Try this exercise: for yourself, your friends, your children, for whomever. Think back to what you have watched or heard or read recently. Write out a synopsis. (Perhaps some would be surprised how spiritually ugly some graphic sounds-and-images appear when reduced to black on white, when our emotions are not being carried along and we are not more-or-less willingly suspending our faculty of discernment.) Trace the development of character and plot, note the ways and means in which your thoughts, feelings and judgements are being tagged or yoked, channelled and directed and perhaps manipulated. Consider what you are being taught and how you are being taught it. And then ask, if you are a child of God, "Is evil being switched for or confused with good, and darkness for light, and bitter for sweet? Are my foundations being shaken, and how and in what way and to what ends? Is this the way my heavenly Father would have me think? Is this conforming me to Christ?"
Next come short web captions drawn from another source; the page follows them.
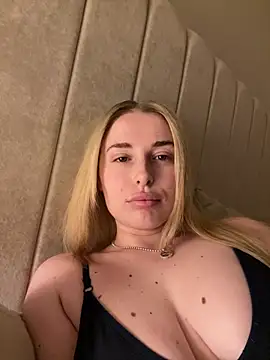 EloiseeUKK online show from 25, 4, 2026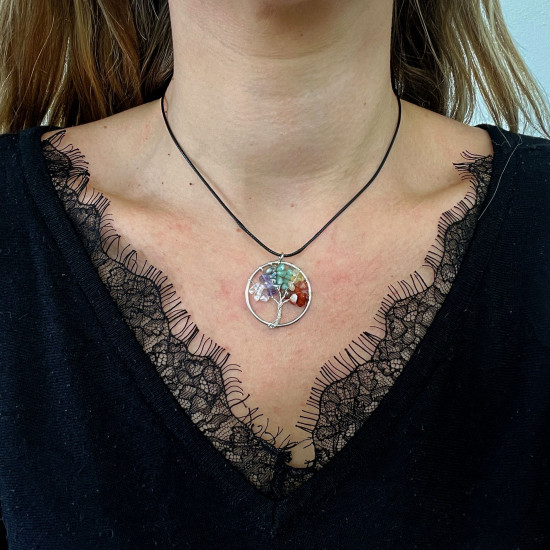 Fournisseur bijoux minéraux, Collier arbre de vie et 7 chakras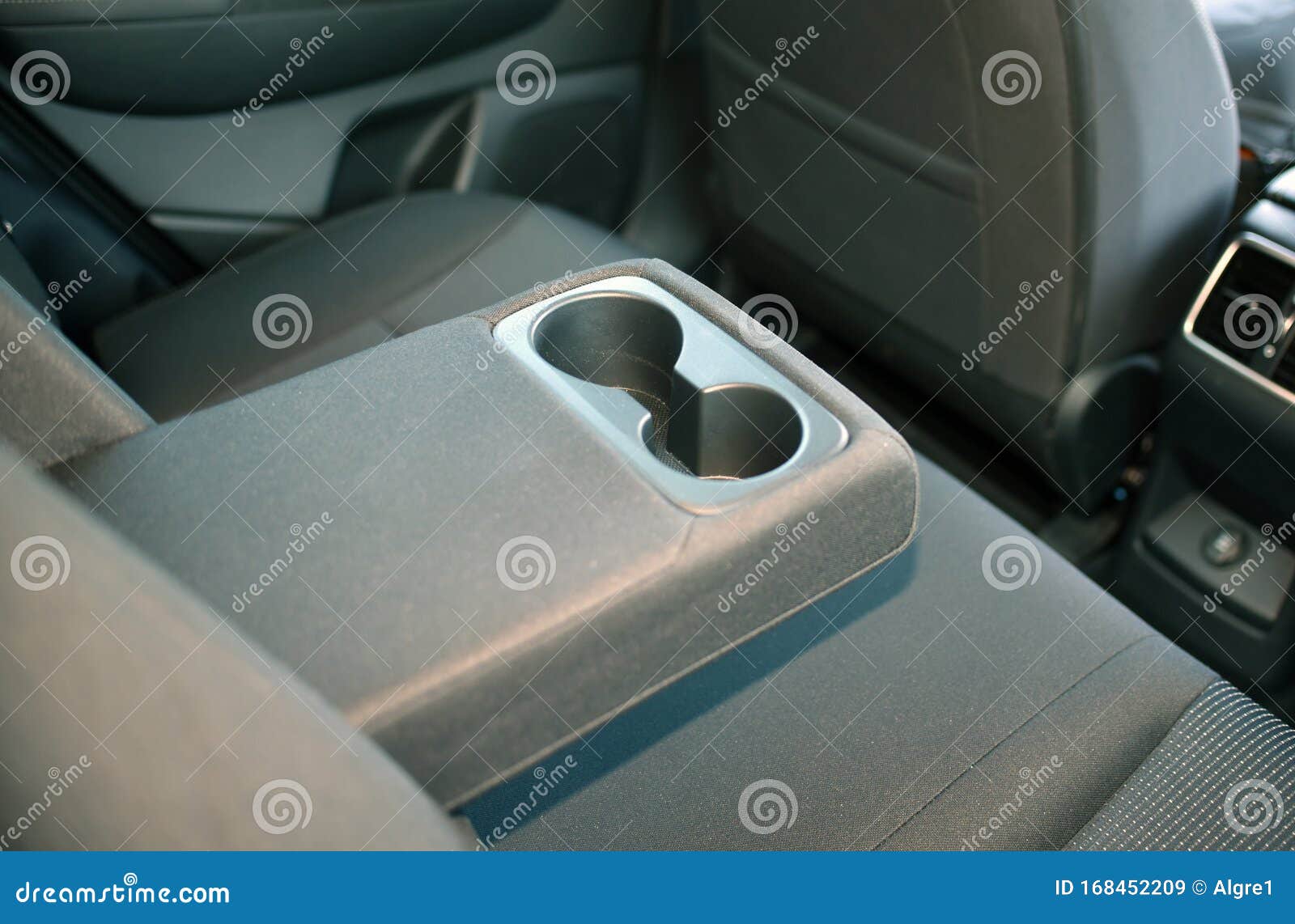 Armlehne Im Auto Mit Tassen-Halter Für Hintere Sitzreihen Stockbild - Bild  von reflexion, luxus: 168452209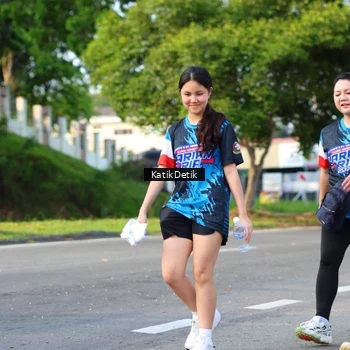 Runner Photo 7649511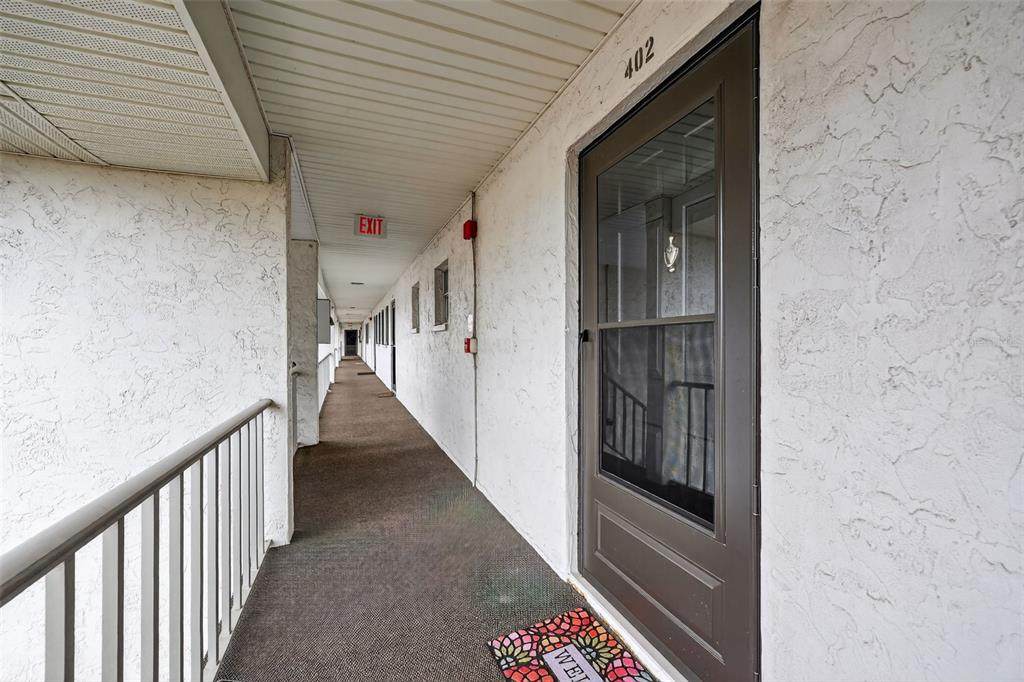 102 46TH AVENUE Terrace - Photo 1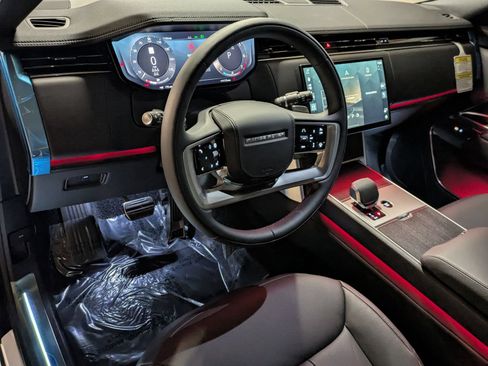 New 2026 Land Rover Range Rover Long Wheelbase SE AWD/4WD image 16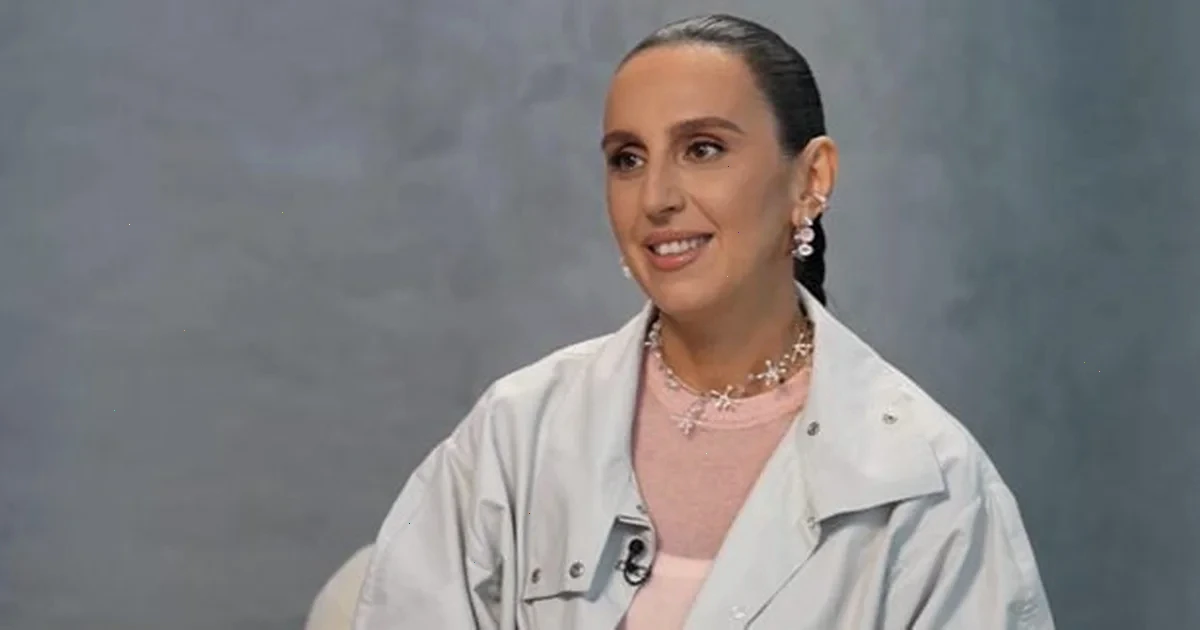 Джамала затримали в аеропорту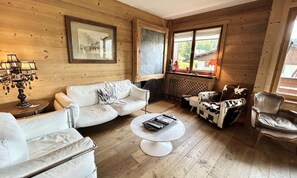 Living area - Apartment Near Rochebrune Cable Car (Megeve)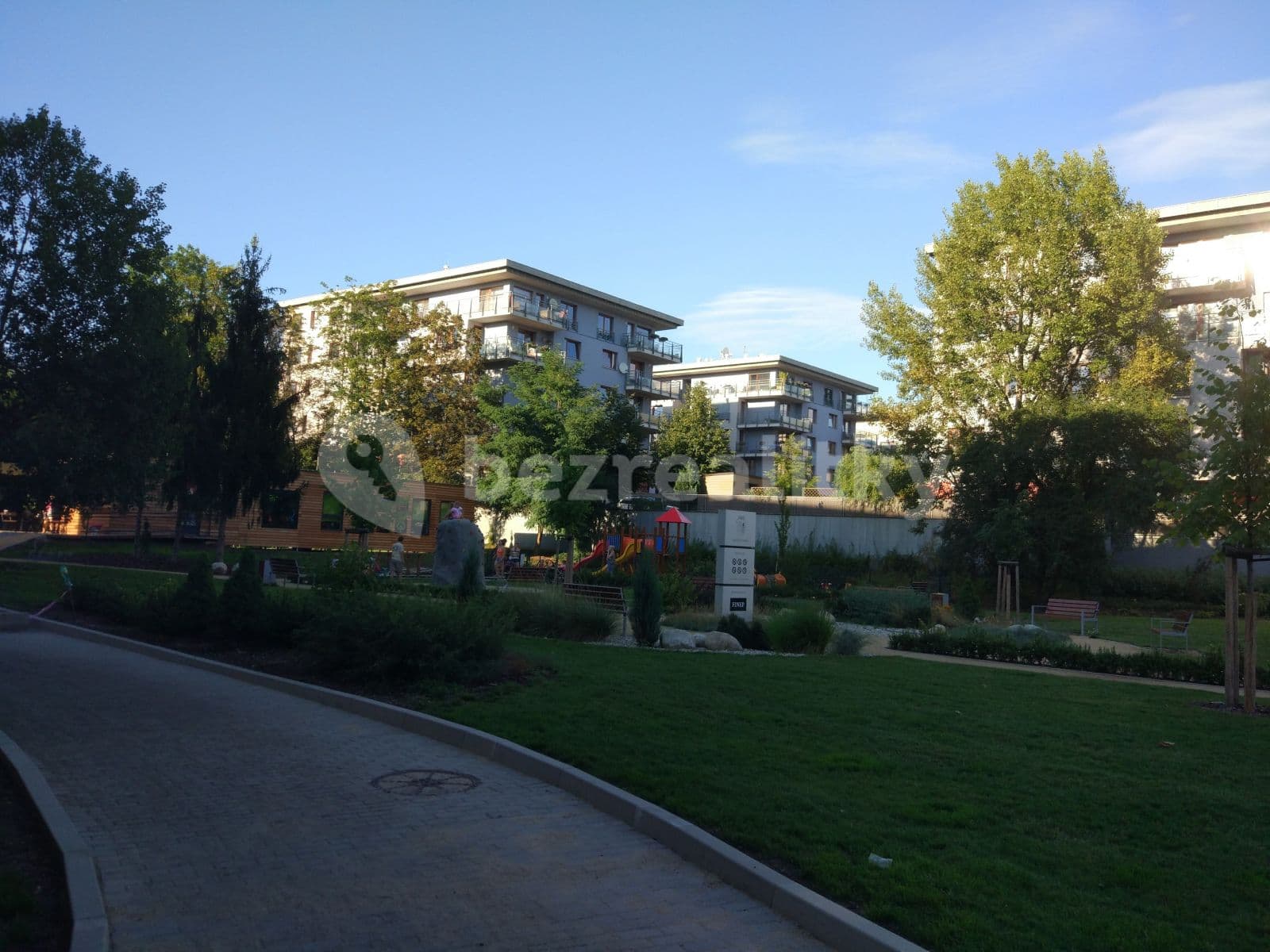 Pronájem bytu 2+kk 48 m², Pod Harfou, Praha, Praha Pronájem bytu 2+kk 48 m², Pod Harfou, Praha, Praha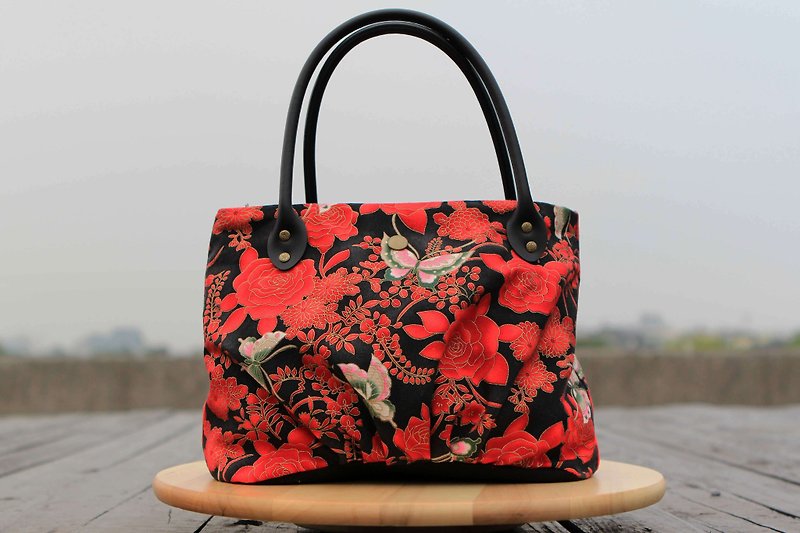 A portable candy bag - a happy hot red rose butterfly - กระเป๋าถือ - ผ้าฝ้าย/ผ้าลินิน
To be sure, there may be times when you are able to say, "I can keep enough distance here: I can read this article, watch this documentary, follow this series, read this book, watch this film, hear this program, and I can discern the processes at work, and establish a filter, and guard my heart." At other times you should say, "I do not have the wisdom to discern these things, and - even if I do - I would be a fool to imagine that I have the strength to stand," and so you would flee for safety. When you can see the manoeuvres of the enemy, even where you cannot prevent combat, you can at least prevent surprise. If we learn to see the battle in these terms, we might just begin to learn to fight the battle.